The answer filed by the Rock Island Company in that action raised several defenses and it is not apparent from the record now before the court upon which of the issues thus raised the learned federal court directed the verdict. But it is sufficient to say the record shows that the case was fully heard and tried upon the merits, resulting in a judicial finding against the plaintiff, Sarah Packard.
Upon February 9, 1899, within a day or two of the expiration of one year from the death of said James I. Packard, and during the pendency of the first mentioned action, brought by his widow, these plaintiffs, as his minor children, by the said Sarah Packard as next friend, filed the present action in the Jackson circuit *426court against the Hannibal & St. Joseph Railroad by which they also sought to appropriate the benefits of said statute, and to. claim the penalty therein defined. In their petition, they alleg*e, not that their mother had failed to sue, as the wording of the statute runs, but that she had failed to sue this defendant, the Hannibal Company, within six months, whereby, as it is claimed by them, the statutory right of action had passed to and became vested in the minor children. Thus is presented the situation of two actions pending between February 9,1899, and December 12,1899, the one by the widow against the Rock Island Company, and the other, by the minor children, against the Hannibal Company, and both based upon the same identical cause of action, to-wit, the death of James I. Packard.
Under the admissions made by the plaintiffs’ petition and reply the trial court upon the motion made by .the defendant, the Hannibal Company, for a judgment on the pleadings, rendered the judgment prayed for, holding that inasmuch as the pleadings in the case showed as a matter of fact that the widow did sue before the six months had elapsed, she had under the statute appropriated the cause of action, and thereby deprived her children of the right to maintain an action in their own behalf; that her intention to appropriate the benefits of the statute was manifested in the most solemn manner possible by bringing her action against the Rock Island Company, and whether she was right or wrong in her selection of the defendant was not material. Her error, if such it was, was a mistake of law, and did not alter the fact that she had elected to appropriate the benefit of the statute and bring the action and had thereby deprived her children of that right.
I. The right of action given by section 2864, Revised Statutes 1899, for the death of the father of the plaintiffs, is a single, indivisible right to sue all the guilty parties. It rests in the widow or the minor *427children under the limitations fixed by the statute and can not and does not exist concurrently in the widow and the children. [Coover v. Moore, 31 Mo. 574; Kennedy v. Burrier, 36 Mo. 128; McNamara v. Slavens, 76 Mo. 330; Barker v. Railroad, 91 Mo. 86.]
During the first six m.onths after the death of the husband and father, the right of action is absolute in the wife alone.
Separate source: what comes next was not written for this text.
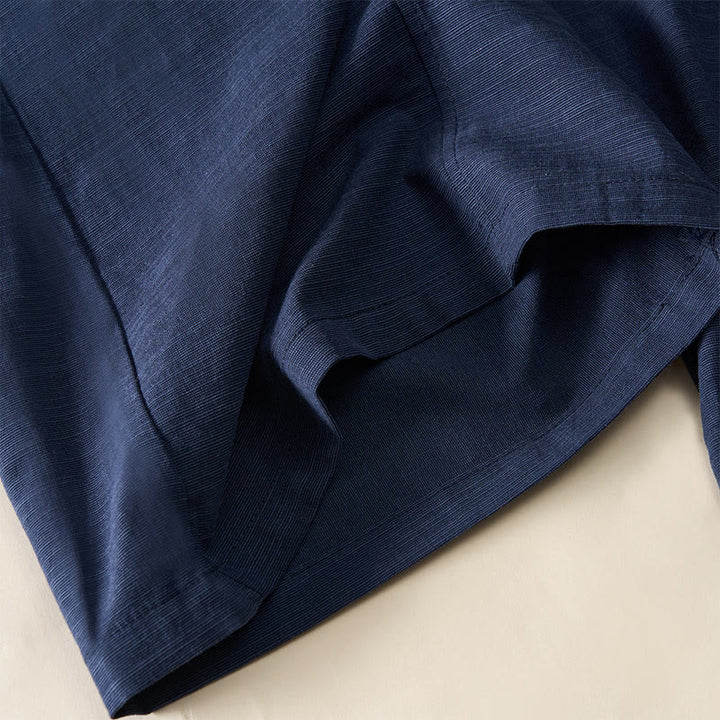 Buddha Stones Pantaloni larghi da donna in cotone con tasche e design semplice con cerniera - image 8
If she failed to bring suit upon this single cause of action within six months it vests in the minor children and in them only. It is, however, the same cause of action. If she fails to sue within the six months, her right to it is gone and that of the children accrues. [Kennedy v. Burrier, supra; McNamara v. Slavens, supra.] The right is given to sue any and all persons whose negligence occasioned the death of the husband and father, and the penalty is one indivisible sum, to-wit, $5,000.
It is a cause of action created by the statute and no one can sue unless he or she brings himself or herself within its terms. This court, in Barker v. Railroad, 91 Mo. loc. cit. 92, said: “The right of the husband or wife to sue is absolute for and during the six months after the death.' Thereafter it i£ within the year, as we think, a conditional right.’’ [Hamilton v. Railroad, 39 Kan. 56.]
The only question presented on this record is, has the widow asserted her rights under the statute! Has she appropriated the right which the statute gives her! If she has, then it is obvious that under the admissions made by the plaintiffs in their petition and reply, defendant’s motion for judgment on the pleadings was properly sustained.' That Mrs. Packard brought her suit against the Rock Island Railroad within the six months is conceded, but the contention of plaintiffs is that while it is true she sued the Rock Island, she did not sue the Hannibal & St. Joseph Company, the wrongdoer; that she failed to recover because she sued the wrong party, and therefore she did not appropriate the *428right of action against the Hannibal & St. Joseph Company.
Considerable stress is laid by counsel for the minors, upon their statement that the Hannibal Company was. the wrongdoer, and being such the statute points with unerring aim at that company as the only one liable for the penalty, and therefore there could have been no. appropriation of the remedy until that remedy or suit was brought against the wrongdoer, or Hannibal Company. This claim is largely predicated upon the admitted fact that the widow was unsuccessful in her action against the Rock Island. It is not questioned that she sued, but the claim is advanced that as she did not. sue the right party, she in law did not sue, and hence the right devolved upon the children.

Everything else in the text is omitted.